The problem
Look through the records that follow. Copy every line containing the word "halaman".

Data extracts

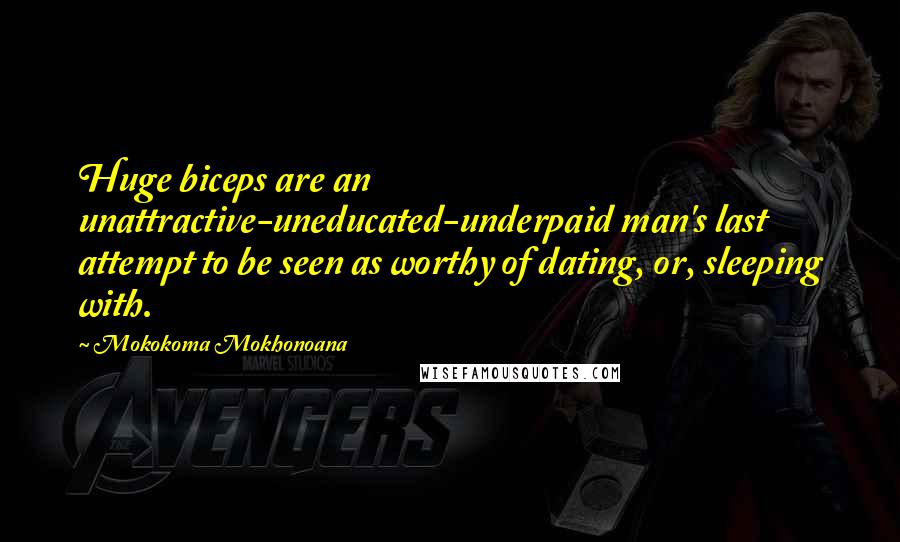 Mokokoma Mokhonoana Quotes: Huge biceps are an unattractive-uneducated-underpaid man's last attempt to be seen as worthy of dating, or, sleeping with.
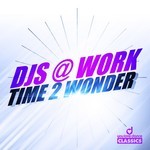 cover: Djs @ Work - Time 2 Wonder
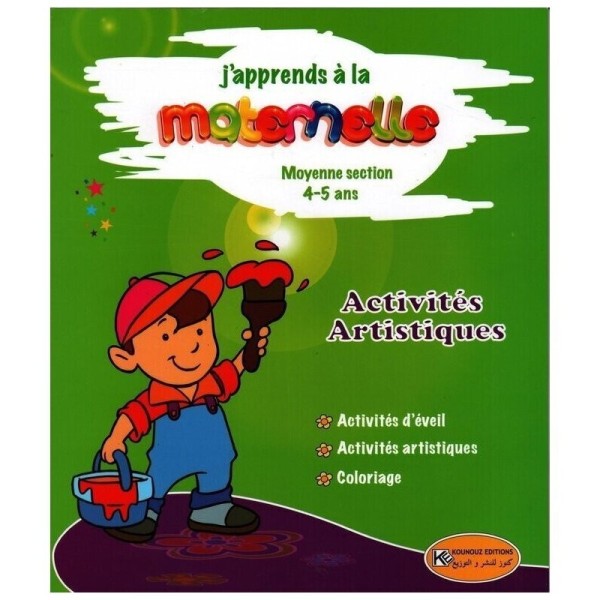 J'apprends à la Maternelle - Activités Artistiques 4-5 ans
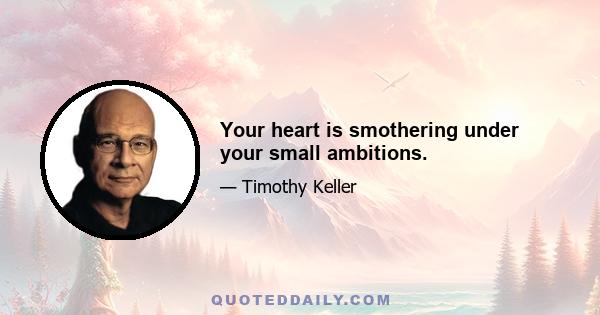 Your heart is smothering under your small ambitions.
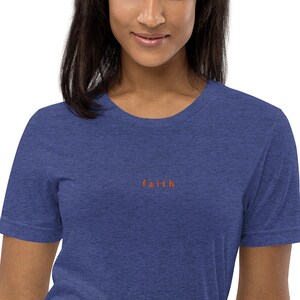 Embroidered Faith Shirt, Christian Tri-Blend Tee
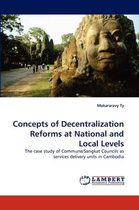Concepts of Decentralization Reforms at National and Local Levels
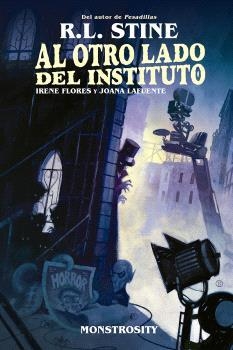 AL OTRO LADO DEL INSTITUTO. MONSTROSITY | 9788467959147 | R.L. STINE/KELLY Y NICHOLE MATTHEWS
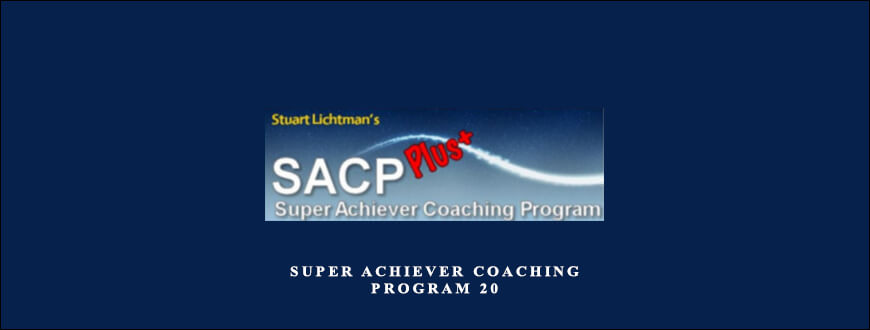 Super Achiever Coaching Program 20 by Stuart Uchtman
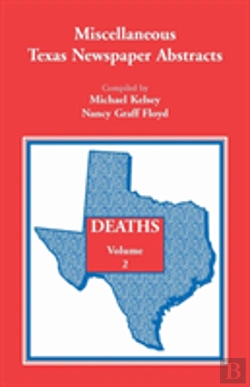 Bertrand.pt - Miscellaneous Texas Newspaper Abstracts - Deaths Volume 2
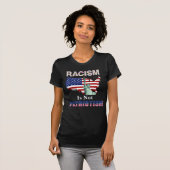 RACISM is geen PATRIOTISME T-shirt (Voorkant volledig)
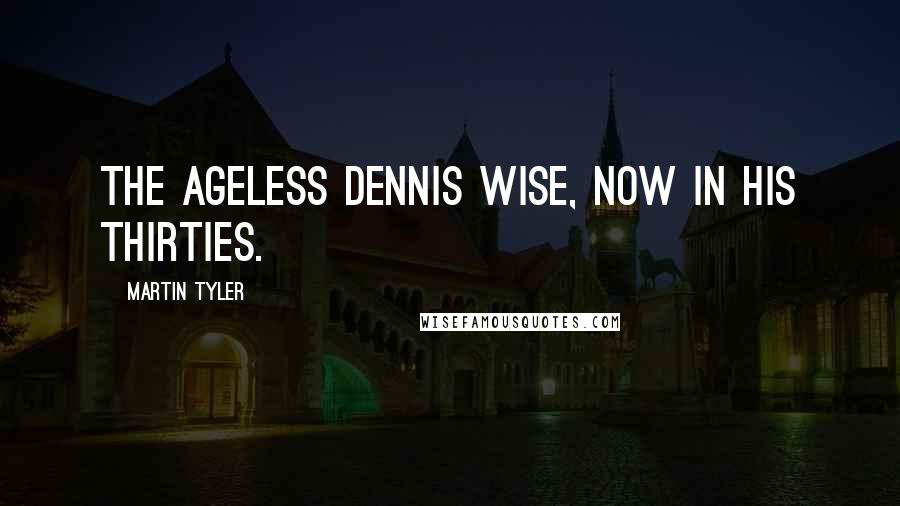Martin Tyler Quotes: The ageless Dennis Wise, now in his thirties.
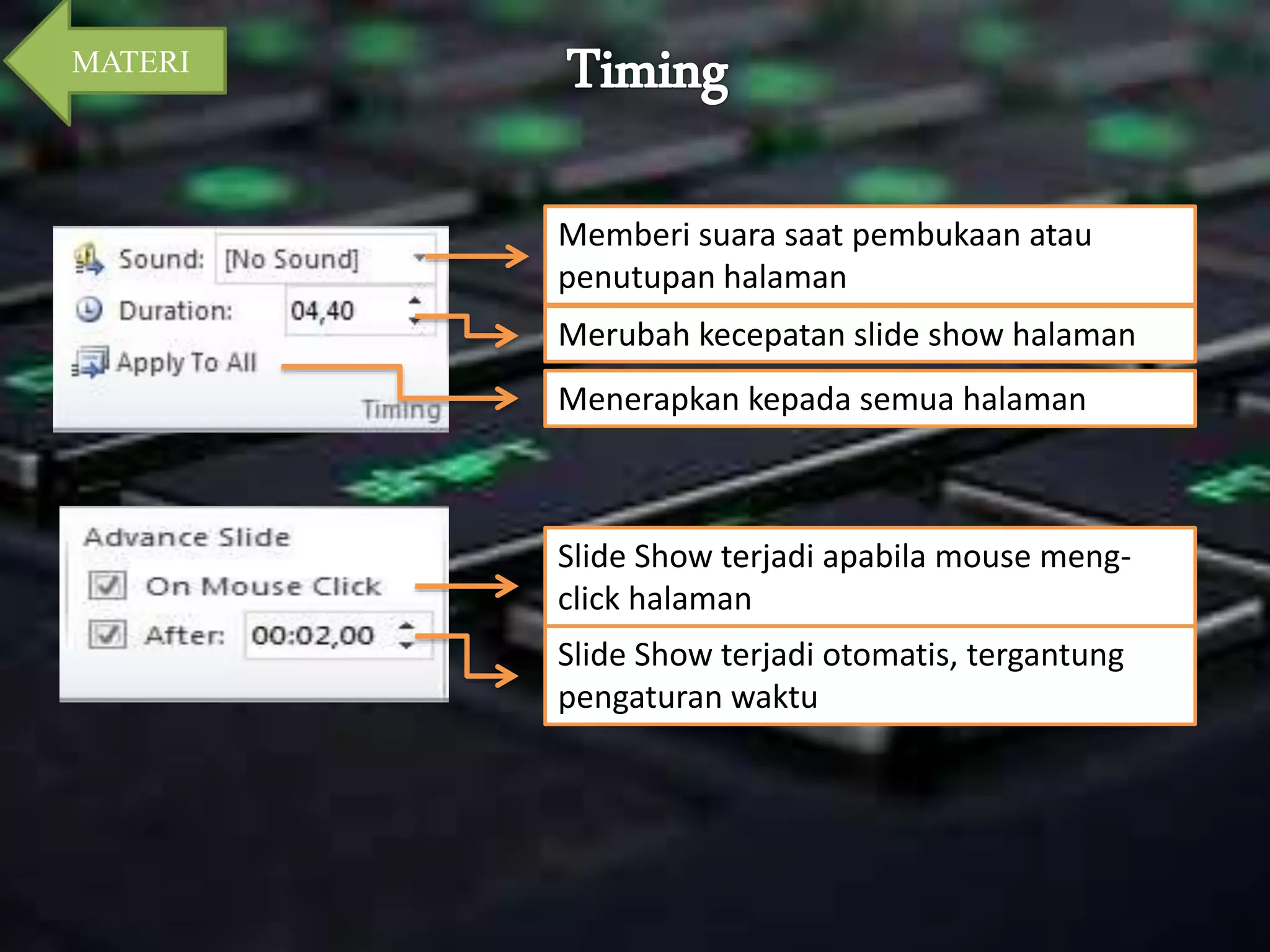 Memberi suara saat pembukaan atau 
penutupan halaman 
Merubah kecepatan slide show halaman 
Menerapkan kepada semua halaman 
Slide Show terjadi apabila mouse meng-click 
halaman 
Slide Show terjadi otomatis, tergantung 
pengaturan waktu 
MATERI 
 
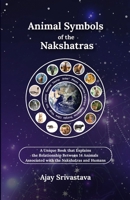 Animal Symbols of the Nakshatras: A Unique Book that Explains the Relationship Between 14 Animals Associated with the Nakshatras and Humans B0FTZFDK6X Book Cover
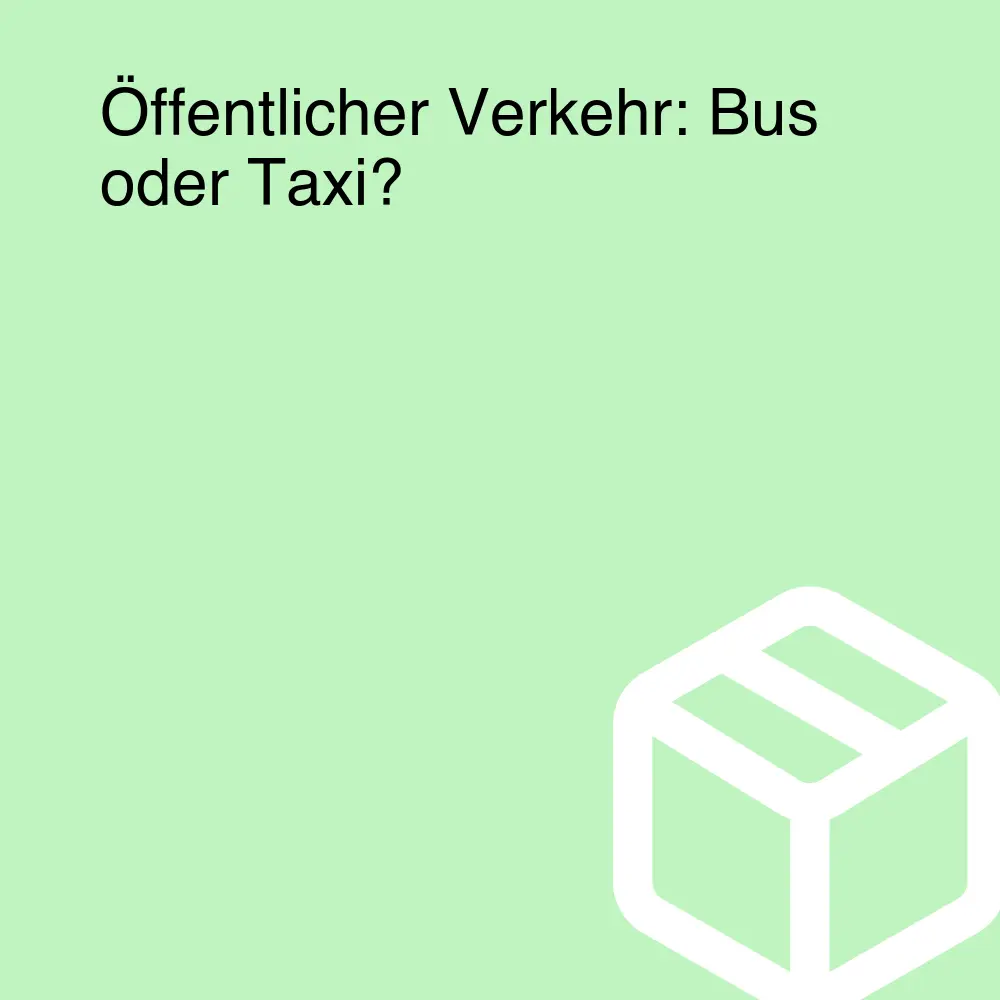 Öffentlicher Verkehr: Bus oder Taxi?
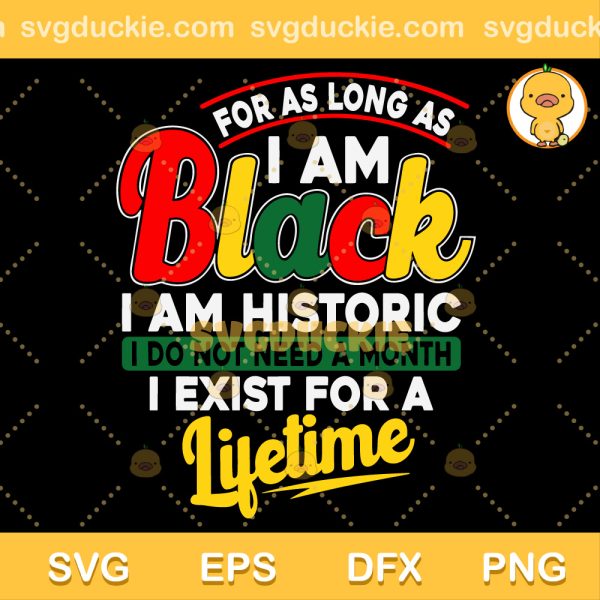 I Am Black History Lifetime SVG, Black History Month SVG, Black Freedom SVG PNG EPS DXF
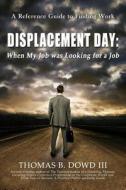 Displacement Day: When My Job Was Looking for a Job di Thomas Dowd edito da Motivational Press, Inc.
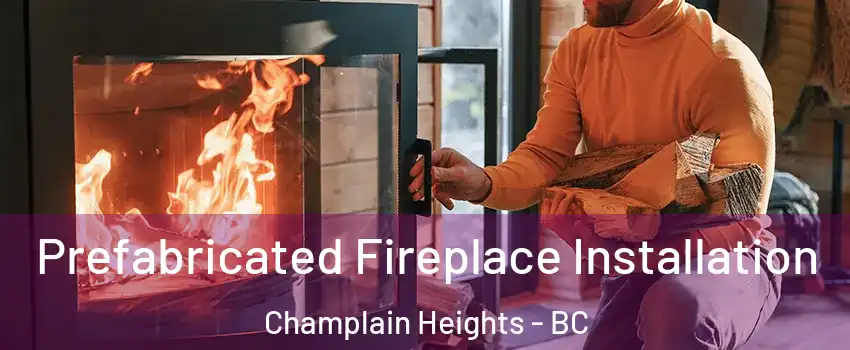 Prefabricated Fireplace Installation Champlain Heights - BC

Response to this exercise
penutupan halaman 
Merubah kecepatan slide show halaman 
Menerapkan kepada semua halaman 
halaman 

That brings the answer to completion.